INSTRUCTIONS TO FOLLOW
A faithful, complete copy of the records is required.

[Saved entries]
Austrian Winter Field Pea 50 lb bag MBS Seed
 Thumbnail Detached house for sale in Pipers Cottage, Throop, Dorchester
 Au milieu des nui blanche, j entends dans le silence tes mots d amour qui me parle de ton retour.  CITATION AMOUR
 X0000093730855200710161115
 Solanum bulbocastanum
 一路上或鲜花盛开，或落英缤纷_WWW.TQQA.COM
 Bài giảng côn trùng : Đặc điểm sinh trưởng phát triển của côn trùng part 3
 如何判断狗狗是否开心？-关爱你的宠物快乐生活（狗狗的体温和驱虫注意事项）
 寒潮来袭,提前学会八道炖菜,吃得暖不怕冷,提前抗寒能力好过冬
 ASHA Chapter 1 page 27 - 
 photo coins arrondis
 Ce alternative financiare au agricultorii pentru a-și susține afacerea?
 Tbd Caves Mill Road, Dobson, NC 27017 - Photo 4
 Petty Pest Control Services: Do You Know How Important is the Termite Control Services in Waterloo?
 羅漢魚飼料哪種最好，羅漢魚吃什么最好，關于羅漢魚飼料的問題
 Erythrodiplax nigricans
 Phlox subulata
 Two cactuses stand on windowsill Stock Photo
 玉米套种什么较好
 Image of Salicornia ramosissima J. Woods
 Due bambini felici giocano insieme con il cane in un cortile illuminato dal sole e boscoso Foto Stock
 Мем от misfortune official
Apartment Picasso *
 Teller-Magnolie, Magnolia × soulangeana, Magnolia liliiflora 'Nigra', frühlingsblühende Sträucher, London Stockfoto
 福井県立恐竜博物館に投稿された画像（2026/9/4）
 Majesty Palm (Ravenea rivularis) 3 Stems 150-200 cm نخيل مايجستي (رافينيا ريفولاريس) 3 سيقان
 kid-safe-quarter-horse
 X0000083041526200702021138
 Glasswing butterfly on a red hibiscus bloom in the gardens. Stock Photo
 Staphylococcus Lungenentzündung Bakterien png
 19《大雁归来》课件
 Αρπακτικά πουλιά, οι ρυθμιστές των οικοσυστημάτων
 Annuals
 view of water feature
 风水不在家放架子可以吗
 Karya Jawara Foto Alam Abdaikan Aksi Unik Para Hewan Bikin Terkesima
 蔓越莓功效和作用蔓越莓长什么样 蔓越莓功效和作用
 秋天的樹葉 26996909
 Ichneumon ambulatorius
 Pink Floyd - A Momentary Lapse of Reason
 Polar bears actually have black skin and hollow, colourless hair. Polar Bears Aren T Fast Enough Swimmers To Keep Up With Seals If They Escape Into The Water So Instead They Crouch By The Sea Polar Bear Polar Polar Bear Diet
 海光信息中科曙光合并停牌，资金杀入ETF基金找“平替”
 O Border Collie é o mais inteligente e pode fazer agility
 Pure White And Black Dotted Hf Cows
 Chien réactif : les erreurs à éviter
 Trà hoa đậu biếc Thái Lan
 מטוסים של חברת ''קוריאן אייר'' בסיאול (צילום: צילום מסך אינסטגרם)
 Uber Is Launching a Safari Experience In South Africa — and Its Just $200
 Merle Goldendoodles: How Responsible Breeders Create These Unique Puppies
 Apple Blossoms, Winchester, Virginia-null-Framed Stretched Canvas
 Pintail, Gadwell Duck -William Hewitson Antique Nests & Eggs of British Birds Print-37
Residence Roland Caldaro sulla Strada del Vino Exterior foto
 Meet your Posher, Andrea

ANSWER FOR THIS EXERCISE
Austrian Winter Field Pea 50 lb bag MBS Seed
 Thumbnail Detached house for sale in Pipers Cottage, Throop, Dorchester
 Au milieu des nui blanche, j entends dans le silence tes mots d amour qui me parle de ton retour.  CITATION AMOUR
 X0000093730855200710161115
 Solanum bulbocastanum
 一路上或鲜花盛开，或落英缤纷_WWW.TQQA.COM
 Bài giảng côn trùng : Đặc điểm sinh trưởng phát triển của côn trùng part 3
 如何判断狗狗是否开心？-关爱你的宠物快乐生活（狗狗的体温和驱虫注意事项）
 寒潮来袭,提前学会八道炖菜,吃得暖不怕冷,提前抗寒能力好过冬
 ASHA Chapter 1 page 27 - 
 photo coins arrondis
 Ce alternative financiare au agricultorii pentru a-și susține afacerea?
 Tbd Caves Mill Road, Dobson, NC 27017 - Photo 4
 Petty Pest Control Services: Do You Know How Important is the Termite Control Services in Waterloo?
 羅漢魚飼料哪種最好，羅漢魚吃什么最好，關于羅漢魚飼料的問題
 Erythrodiplax nigricans
 Phlox subulata
 Two cactuses stand on windowsill Stock Photo
 玉米套种什么较好
 Image of Salicornia ramosissima J. Woods
 Due bambini felici giocano insieme con il cane in un cortile illuminato dal sole e boscoso Foto Stock
 Мем от misfortune official
Apartment Picasso *
 Teller-Magnolie, Magnolia × soulangeana, Magnolia liliiflora 'Nigra', frühlingsblühende Sträucher, London Stockfoto
 福井県立恐竜博物館に投稿された画像（2026/9/4）
 Majesty Palm (Ravenea rivularis) 3 Stems 150-200 cm نخيل مايجستي (رافينيا ريفولاريس) 3 سيقان
 kid-safe-quarter-horse
 X0000083041526200702021138
 Glasswing butterfly on a red hibiscus bloom in the gardens. Stock Photo
 Staphylococcus Lungenentzündung Bakterien png
 19《大雁归来》课件
 Αρπακτικά πουλιά, οι ρυθμιστές των οικοσυστημάτων
 Annuals
 view of water feature
 风水不在家放架子可以吗
 Karya Jawara Foto Alam Abdaikan Aksi Unik Para Hewan Bikin Terkesima
 蔓越莓功效和作用蔓越莓长什么样 蔓越莓功效和作用
 秋天的樹葉 26996909
 Ichneumon ambulatorius
 Pink Floyd - A Momentary Lapse of Reason
 Polar bears actually have black skin and hollow, colourless hair. Polar Bears Aren T Fast Enough Swimmers To Keep Up With Seals If They Escape Into The Water So Instead They Crouch By The Sea Polar Bear Polar Polar Bear Diet
 海光信息中科曙光合并停牌，资金杀入ETF基金找“平替”
 O Border Collie é o mais inteligente e pode fazer agility
 Pure White And Black Dotted Hf Cows
 Chien réactif : les erreurs à éviter
 Trà hoa đậu biếc Thái Lan
 מטוסים של חברת ''קוריאן אייר'' בסיאול (צילום: צילום מסך אינסטגרם)
 Uber Is Launching a Safari Experience In South Africa — and Its Just $200
 Merle Goldendoodles: How Responsible Breeders Create These Unique Puppies
 Apple Blossoms, Winchester, Virginia-null-Framed Stretched Canvas
 Pintail, Gadwell Duck -William Hewitson Antique Nests & Eggs of British Birds Print-37
Residence Roland Caldaro sulla Strada del Vino Exterior foto
 Meet your Posher, Andrea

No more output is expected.